Gauss is another allegedly state sponsored piece of sophisticated malicious software. Again, this software has been difficult for researchers to decipher. "The true purpose of the Gauss malware remains unknown," Raiu said. Buried in Gaus is a "warhead," or a block of code that has been encrypted multiple times, Raiu said. "Nobody has been able to decrypt it to know what it actually does," Raiu said.
Kaspersky's most recent find was Red October. "Red October was extremely targeted," Raiu said. Raiu said that the software targeted government diplomatic institutions, which is not the normal target for profit minded malware writers. It also specifically targeted governments, energy companies, military contractors and aerospace companies.
Red October is also more sophisticated than the average profit-driven malware. It is a modular system. It "looks at what you have on your computer and depending on what you have, and what you do with your computer, [it] will send you dedicated modules for different purposes," Raiu said. One module, for instance, steals data from mobile phones. Another module can retrieve deleted data from USB memory sticks.

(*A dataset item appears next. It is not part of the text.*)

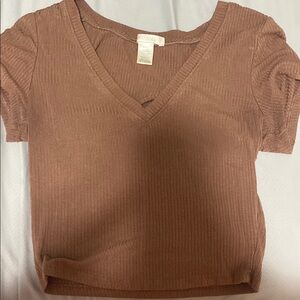Brown V-Neck Ribbed Top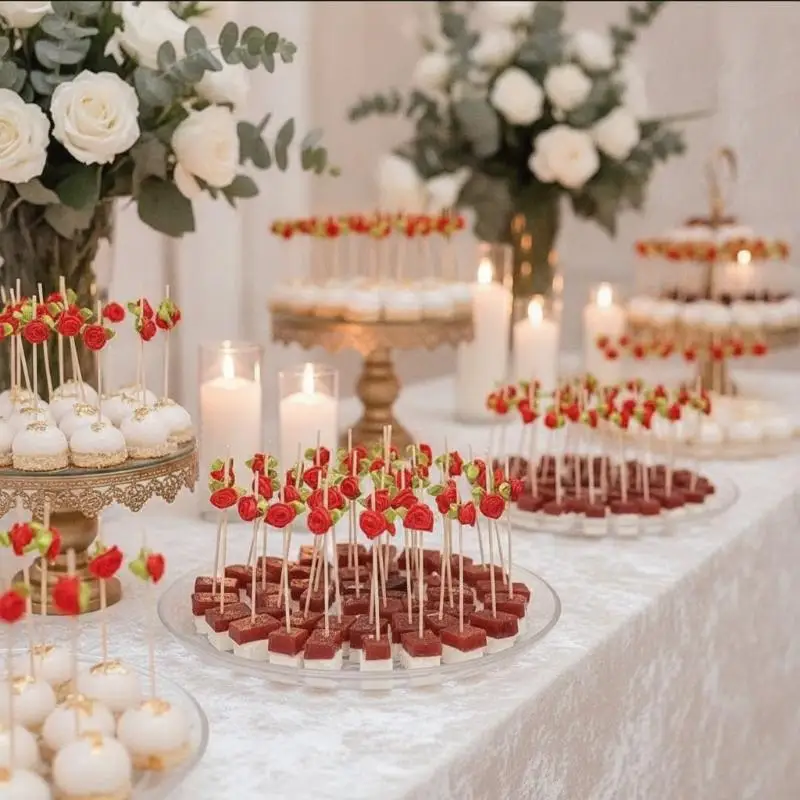 100pcs Rose Bamboo Sticks With Leaves Red Blue White Fruit Fork Cocktail Stirrers Birthday Wedding Party Decoration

The rise of nation state malware is bad news for enterprises in a number of ways, Raiu said.
Cyberwarfare "has a lot of hidden dangers," Raiu said. Weaponized exploits developed by governments can be reused by cyber criminals for profit. Another danger is unintended proliferation. "Cyberweapons, which have the ability to multiply by themselves, can simply get out of control," Raiu said.
In either case, organizations and individuals can suffer from damage from this software, either intentionally or accidentally.
For instance, in January 2010, Google -- rather than a U.S. government agency -- alerted the world about the Aurora malware attack that took place against Google and other large IT companies, charging that the Chinese government was behind the attacks.